_What is required_
Nothing in the data may change. Copy all of it exactly.

_Data below_
———

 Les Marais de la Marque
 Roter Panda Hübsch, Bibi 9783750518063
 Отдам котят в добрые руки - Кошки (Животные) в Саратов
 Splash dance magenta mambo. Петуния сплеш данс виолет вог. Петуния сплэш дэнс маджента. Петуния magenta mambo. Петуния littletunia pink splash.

———

_Result of this task_
 Les Marais de la Marque
 Roter Panda Hübsch, Bibi 9783750518063
 Отдам котят в добрые руки - Кошки (Животные) в Саратов
 Splash dance magenta mambo. Петуния сплеш данс виолет вог. Петуния сплэш дэнс маджента. Петуния magenta mambo. Петуния littletunia pink splash.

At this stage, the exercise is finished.